We began searching for the farm of our dreams in Wales as we planned our escape from Surrey. The problem was, so did every other dreamer in London and the south-east of England.
Since lockdown, the rush to perform ‘lifestyle change’ has sent the price of the valleys sky high. In fact, I would go so far as to say that Welsh farmers must be downsizing to townhouses in Chelsea.
We were already quite down. It was sad to be served notice on the land we have been renting to keep our horses. We knew we had to buy our own land this time.
We quickly ruled out staying here. Even if we could afford Surrey, we don’t want to carry on dodging stockbrokers on electric bikes.
We settled on East Sussex as a possibility, because the builder boyfriend has family there. But after realising our budget would stretch to only a few acres — we have four horses, so we need four acres minimum — we began scouring Rightmove for a smallholding in Wales.

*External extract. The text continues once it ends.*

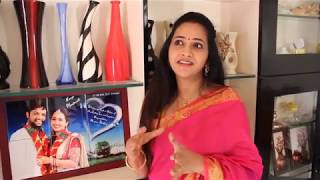 LasyaTalks|KanumaSpecial @ My Home |Sankranti Festival|LasyaManjunath|AnchorLasya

Night after night we lay in bed searching on our iPhones, having a vague memory that the last time we did this land in Wales was very reasonably priced. But before long, we got the picture. The urge to up sticks and ruin an old farmstead by keeping lamas and erecting yurts for vegan glamping has taken the middle classes by storm.
One winter covered in mud and lama dung and they’ll all be putting these farms back on the market, complete with bifold doors on the yoga studios that used to be the cow sheds. But that doesn’t help us now.
As we began looking, we entered into a strange sort of dance with a farmer in Carmarthen who claimed to be selling a 145-acre dairy farm.
It was perfect for us. We entertained the idea that we would keep a small herd going, despite the fact that dairy farmers are at their wits’ end as they try to escape badger-huggers and mind-boggling rules on slurry storage.
Oops, I Bought a Dairy Farm! was the fly-on-the-wall documentary I started to pitch to a TV company in my mind.
We could diversify, make mozzarella, open a farm shop, take in horse liveries or run a small pony trekking centre using our trusty fat cobs, Jimmy and Duey.
Hell, if all that failed I could hire out the builder boyfriend as a DIY coach, teaching women how to fix things in his workshop in one of the barns.
But it all came to nothing because the Welsh farmer suddenly decided, having put his farm on the market for £895,000, that what he really wanted for it was £1.6 million. And this emerged after we ended up telephoning him direct, because with so many north London lefties battering down his door to throw a million pounds at him, the agent wouldn’t let us near it.
You have to be ‘proceedable’ in order to get a viewing now. As we were still decorating our house to get it ready to go on the market, the agent said absolutely not, they were not showing us anything until we were under offer. So we found the farmer’s number on the internet and rang him.
A young girl answered the phone and began bellowing ‘Dad! Daaaaad!’ And then a man with a lilting voice came on the phone and softly said: ‘Ye-es?’
I apologised profusely for the approach, but he was happy to chat. He admitted he had a long list of people to call back who had called him direct after they had given up waiting on the agent to get back to them after he hadn’t got back to the agent, because he was busy with TB testing.
‘We’d have to do TB testing!’ I whispered to the BB sideways.
He said he would be very happy to show us round, but there was a problem. ‘The thing is, you see, I need to find a farm to buy before I can move out of here.’
‘I’m sorry,’ I said, ‘I thought you wanted to get out of farming.’ ‘Well, I do,’ he said. ‘But if I’m selling this farm I’m going to have to buy another one to live in, aren’t I? And you can’t find farms round here for love nor money. Have you seen the price of ’em?’
I said that I had seen the price of them, because I had seen the price of his. He took my number and said he would call me back, but a week later, when I had heard nothing, I looked for his farm on Rightmove and it was £1.6 million.
I don’t blame him. A family from Islington who don’t realise that lamas poo will come along any minute.